It helps identify files difference between the two folders.
Basically, if `A` and `B` are the two folders, the tool will output:
- files present in `A` but not in `B`
- files present in `B` but not in `A`
- files present in both `A` and `B` but with newer commits in `A`
> [!NOTE]
> You can also do cross-branches comparison by specifing the branches for both directories.
## Purpose
This tool has been specifically developed to assist the *Special Interest Groups (SIGs)* responsible for *glossary* management within the [CNCF](https://github.com/cncf).
The purpose of the tool is to facilitate the comparison of folder contents within a GitHub repository.
**This was specifically meant for those repo that contain documentation in various languages** (divided into different folders) and you need a fast way to know the deltas:
In this case, usually the reference folder and "*source of truth*" is the "*english*" one (for a real world example take a look at [this repo](https://github.com/cncf/glossary/tree/main/content), for a test playground we use [this one](https://github.com/R3DRUN3/content-sync-tester)).
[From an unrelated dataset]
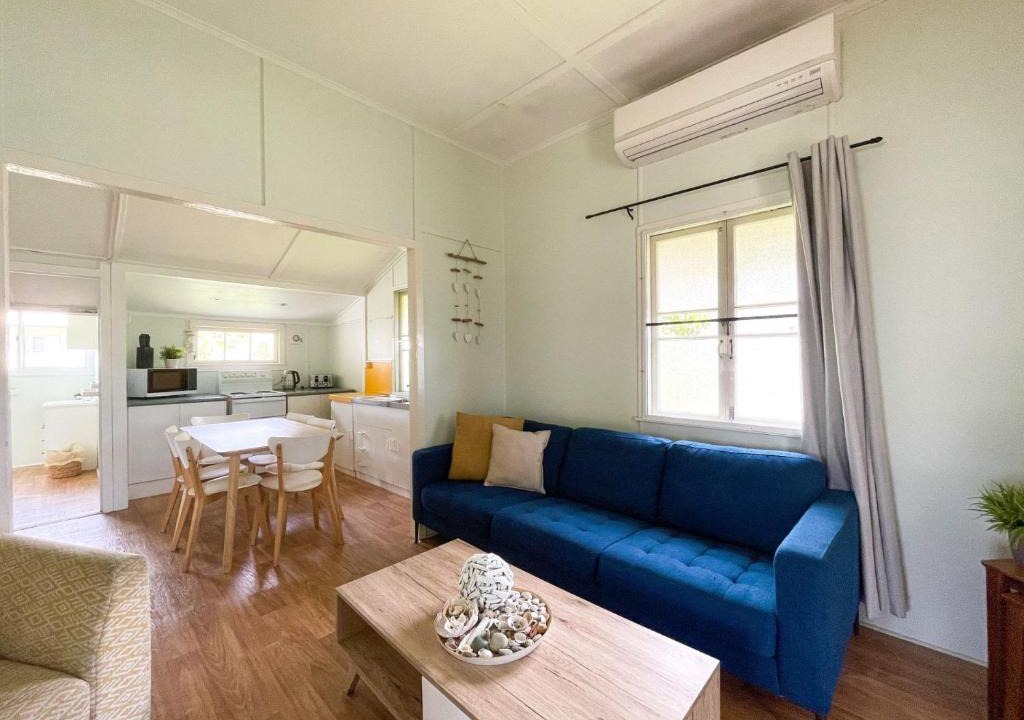 Traviston House | Happy Days - Burrum Heads- Close to Boatramp- 2BR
Generally, it can be useful in scenarios where you have two folders within a repository and you want to identify the differences between them, such as missing files or files with newer commits.
## Arguments
The script requires the following environment variables to be set:
- `REPO_URL`: The URL of the GitHub repository to analyze. [MANDATORY]
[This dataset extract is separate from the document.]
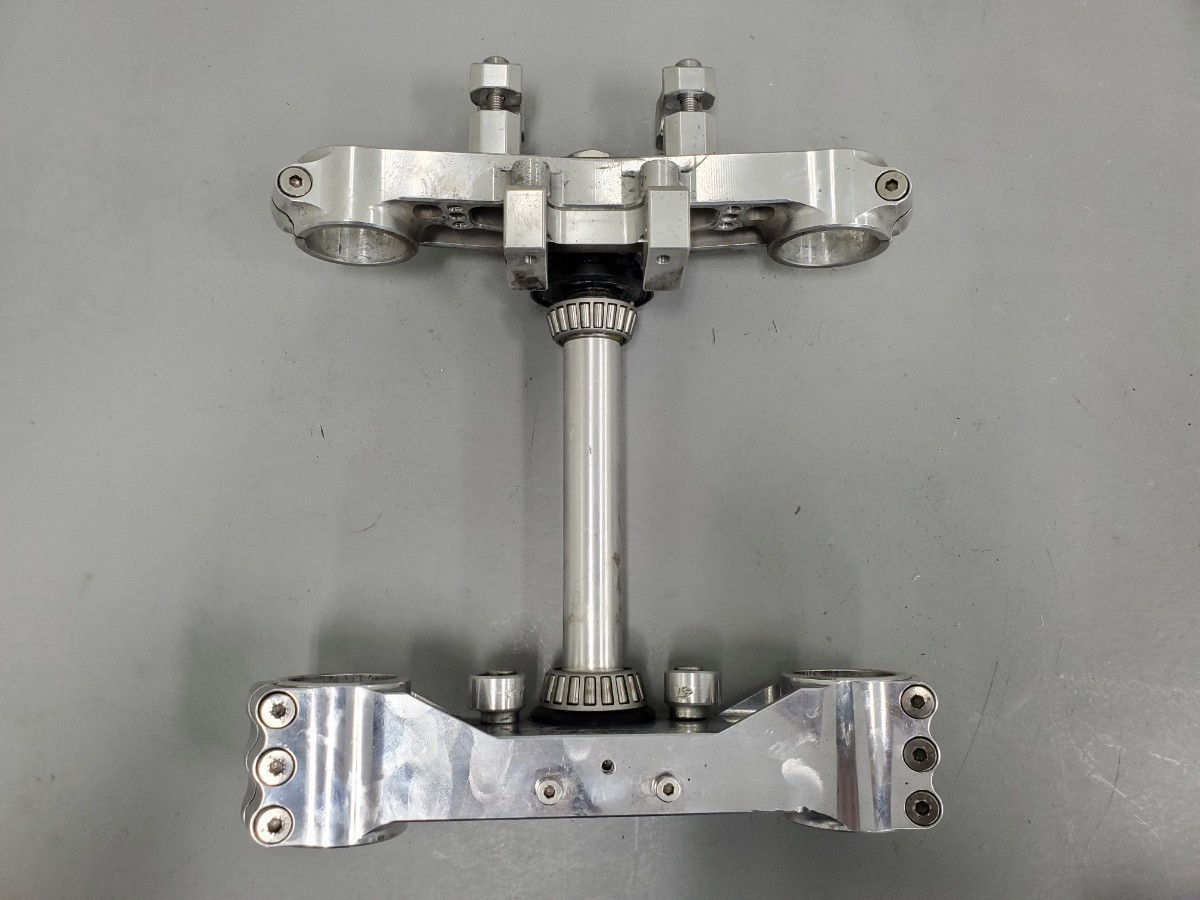 純正 ゼファー750 ステム トップブリッジ 三つ又 検) ゼファー1100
- `REPO_FOLDER_1`: The name of the reference folder (source of truth, or folder `A`). [MANDATORY]
- `REPO_FOLDER_2`: The name of the second folder to compare to the reference folder (folder `B`). [MANDATORY]
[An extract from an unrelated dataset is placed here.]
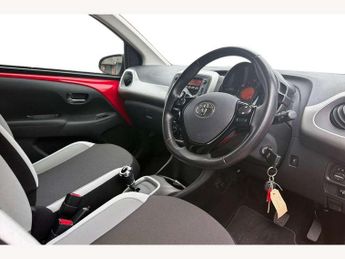 Toyota Aygo 1.0 VVT-i X-Play 5dr x-shift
- `TOKEN`: An access token with appropriate permissions to *read* and *open issues* on the target repo. [MANDATORY]
- `FOLDER_1_BRANCH`: The branch for the first folder. If not specified, the default is main [OPTIONAL]
- `FOLDER_2_BRANCH`: The branch for the second folder. If not specified, the default is main [OPTIONAL]
- `OPEN_ISSUE`: If set to `true`, this specify that the script needs to open a "*synchronization issue*" on the target repo, specifying the folder differences. [OPTIONAL]
The opened issues are structured like [this one](https://github.com/R3DRUN3/content-sync-tester/issues/29).
- `MULTIPLE_ISSUES`: If `OPEN_ISSUE` is set to `true` and this var is also set to `true`, the script will create multiple issues, one for every file difference. [OPTIONAL]
> [!WARNING]
> Be careful when setting the `MULTIPLE_ISSUES` var to *true*: if you execute this script against two folders with many files, it will create many issues on your target repo.
## How it works
The script performs the following steps:
1. Checks the presence of the required environment variables and their values.
1. Creates a GitHub client using the provided access token.
1. Retrieve the content of the two specified folders via the Github client object.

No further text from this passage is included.